Se c’è una cosa impossibile in Calabria è che qualcuno riconosca i meriti di qualcun altro; e nemmeno gli eventuali demeriti: in Calabria c’è solo “io”. Così, dopo trent’anni che Ulderico Nisticò afferma e studia e dimostra l’esigenza della conurbazione, ogni tanto c’è chi fa credere di averla inventata lui. Ci furono già Mancini e Drosi che dovevano conurbarsi, e finì a convegni strombazzati da stampa simpatizzante: fecero da soli, non chiesero pareri, ed è finita, per dirla con Orazio, in pesce. E Drosi, per sicurezza, pose cartelli con “Satriano” anche in mezzo alle foreste della Lacina, in difesa dei sacri confini della Picocca.

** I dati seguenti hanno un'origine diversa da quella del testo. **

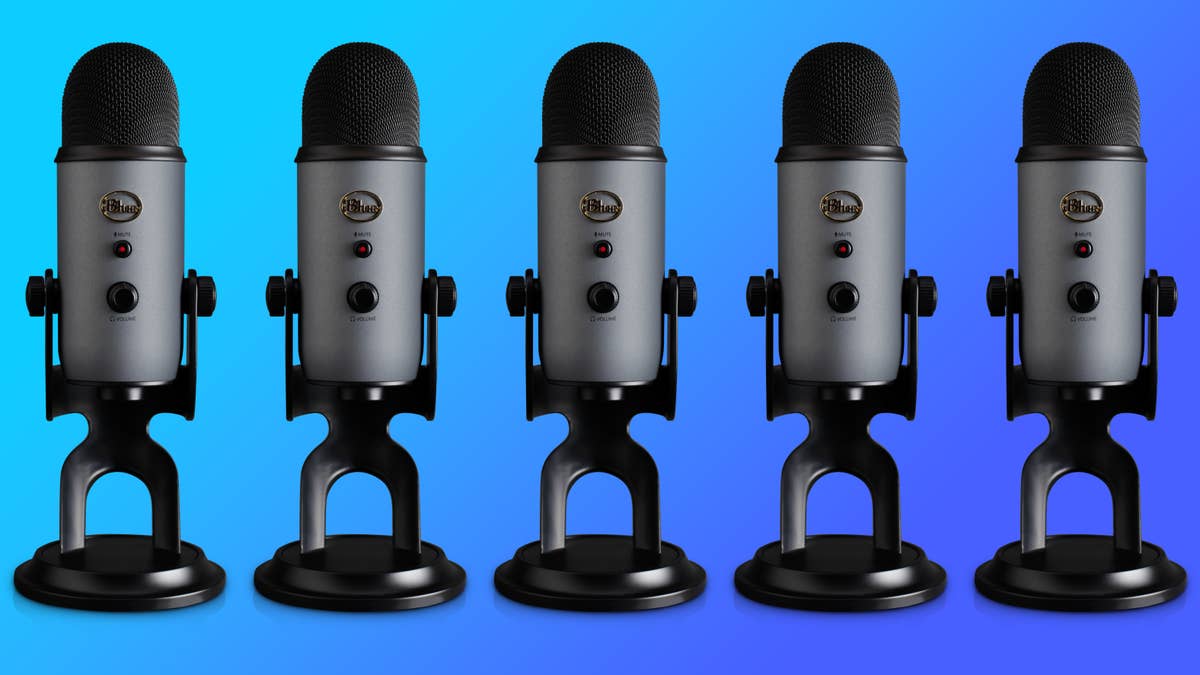 Stream, podcast or record with an £85 Blue Yeti microphone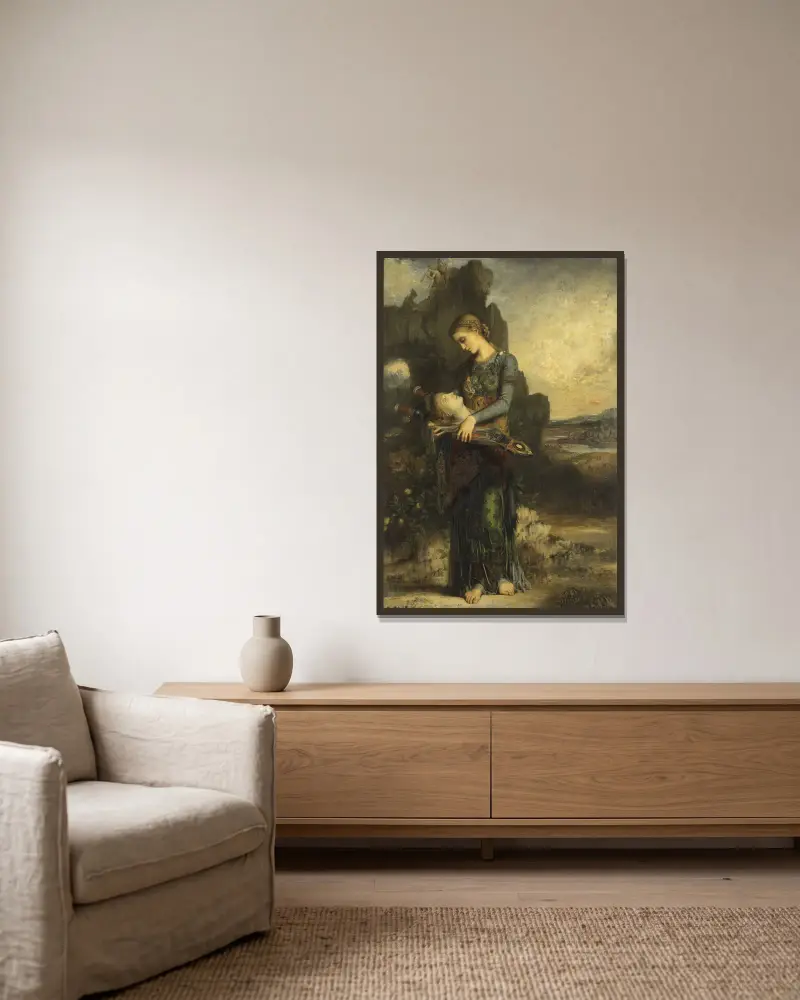 Orfeusz, Gustave Moreau w ramie na ścianie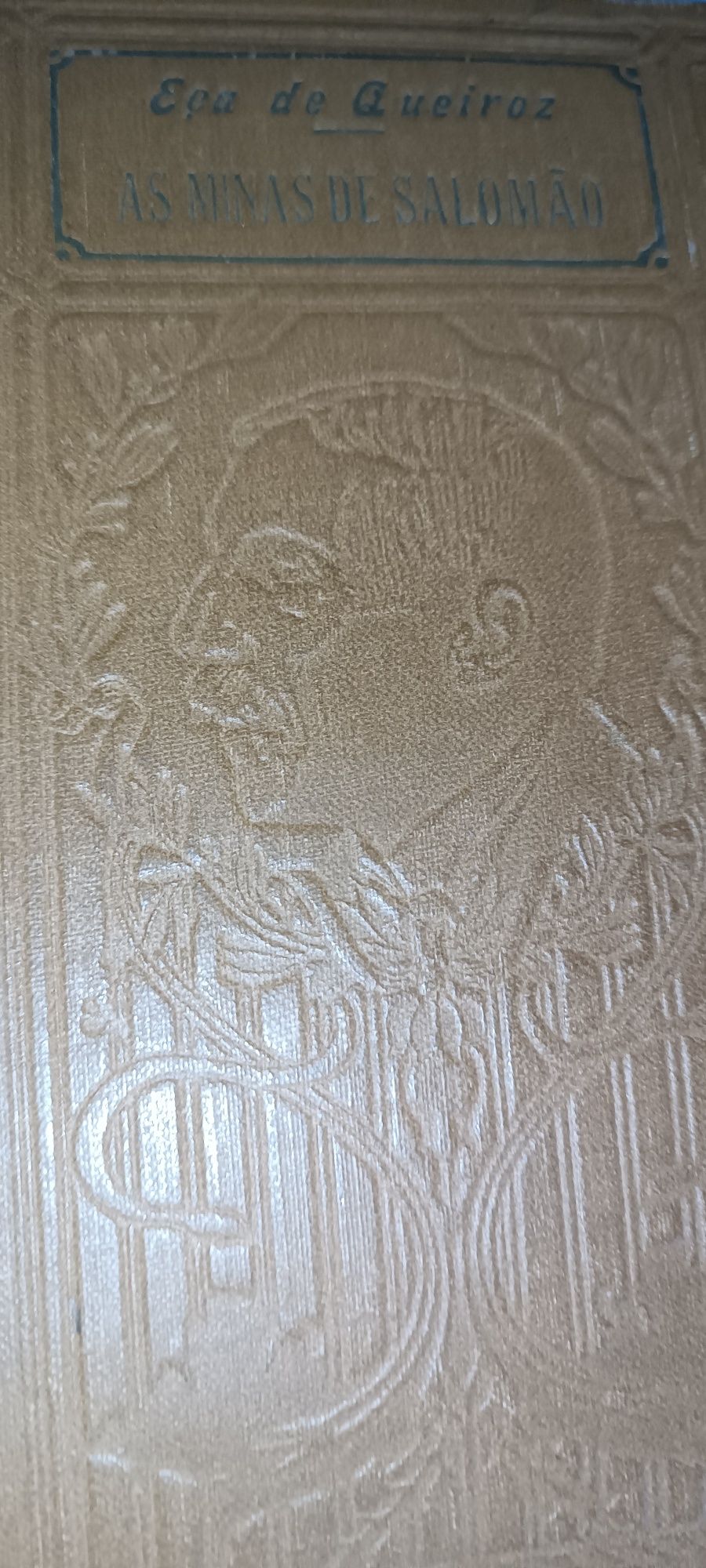 Antigo livro As Minas de Salomão de Eça de Queiroz 1922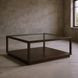 Glaze Cola Square Glass Top Cocktail Table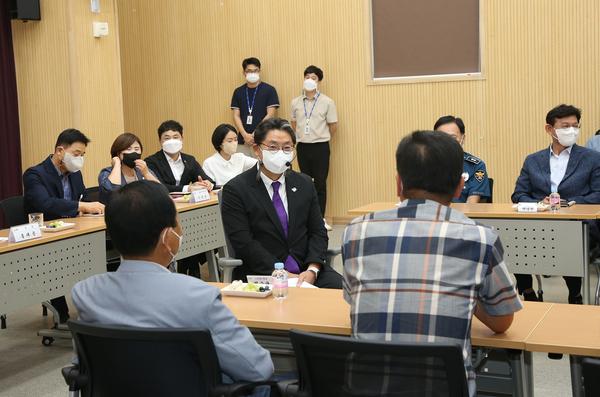 읍면동 초도순방 '주민과의 첫 만남'5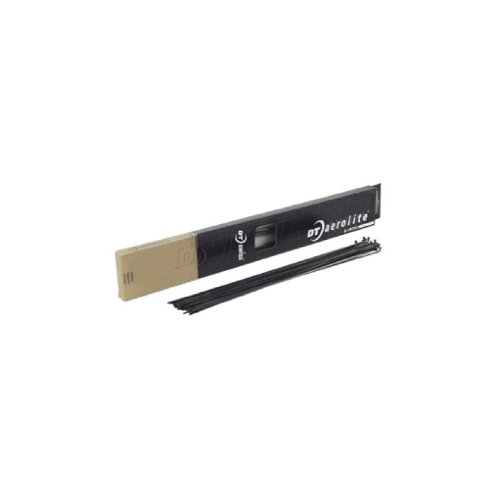 DT Swiss Aerolite Spokes, Box of 20, Black - 2.0/2.3x.9/2.0mm x 280mm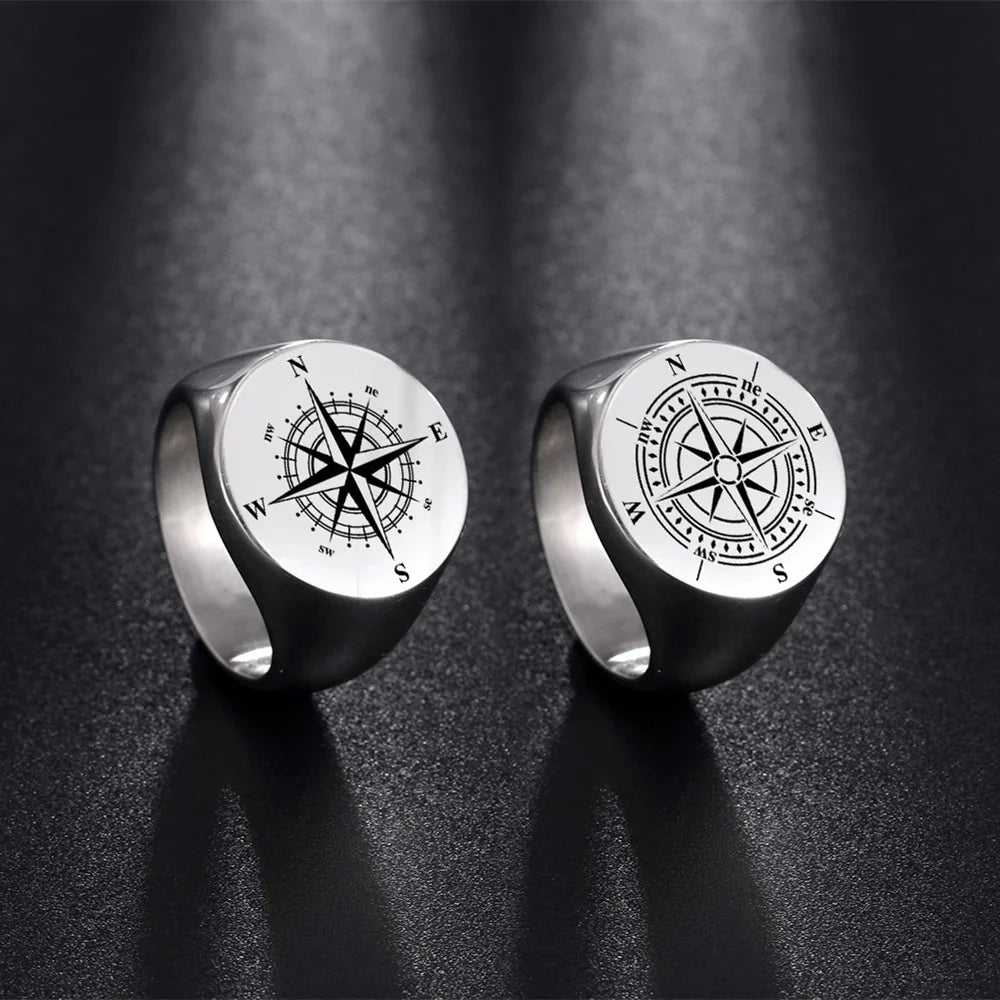 Compass Ring Compass Rose Band style 1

Ora è il turno del sindaco di Torre, Pitaro, il quale, sempre senza citarmi, va invece dicendo che gli è venuta un’ideona originale: conurbare Chiaravalle, Cardinale e Torre. Premesso dunque che io lo dicevo quando Pitaro andava all’asilo, sono d’accordo, e lo incoraggio a proseguire.
Le conurbazioni sono necessarie e utili per le seguenti ragioni:
- non è vero che i Comuni calabresi risalgano ai tempi del re Italo: quasi tutti sono stati istituiti, artatamente, dagli occupanti francesi nel 1807 o nel 1811;
- gli agri comunali, anche questi artatamente disegnati sulla carta da manine interessante, sono assurdamente intrecciati tra loro, il che impedisce ogni seria programmazione;
- i paesi interni tendono a spopolarsi, e mettere assieme le energie è un’ancora di salvezza e sopravvivenza;
- non ci sono controindicazioni nemmeno pratiche: con un computer si fa l’anagrafe e il resto per territori più vasti dell’Impero Romano, altro che da Cardinale a Torre a Chiaravalle;
- come chiamare i nuovi Comuni una volta accorpati? boh, bandiamo un concorso di opinioni, ma, francamente, non è cosa che mi commuova: solo qualche erudito si ricorda di Monteleone, e manco i più tradizionalisti dicono più Nicastro: del resto la Calabria si chiama così per un caso burocratico bizantino dell’VIII secolo più o meno.